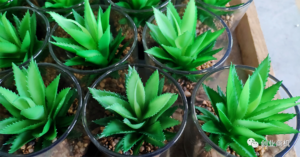 小城市创业适合做什么,还没多少人知道的小城市生意,利润高达100%-个人经验技术分享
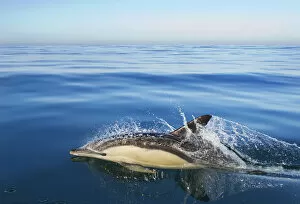 Dolphins Collection: Common dolphin (Delphinus delphis) surfacing, Atlantic ocean, Portugal, September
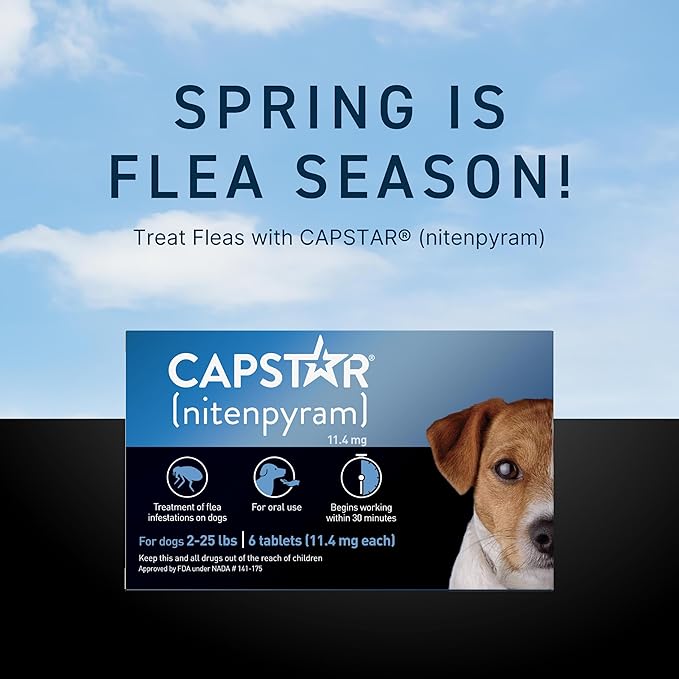 Capstar (Nitenpyram) Fast-Acting Oral Flea Treatment for Dogs 2-25 Lbs, Vet-Recommended Medication Tablets, Flea Tablets for Dogs Start Killing in 30 Minutes, 12 Doses (Includes Two 6-Count Boxes)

__Directions__. The lines above must be transcribed exactly, with every picture left out.

__Written answer__.
 小城市创业适合做什么,还没多少人知道的小城市生意,利润高达100%-个人经验技术分享
 Dolphins Collection: Common dolphin (Delphinus delphis) surfacing, Atlantic ocean, Portugal, September
 Capstar (Nitenpyram) Fast-Acting Oral Flea Treatment for Dogs 2-25 Lbs, Vet-Recommended Medication Tablets, Flea Tablets for Dogs Start Killing in 30 Minutes, 12 Doses (Includes Two 6-Count Boxes)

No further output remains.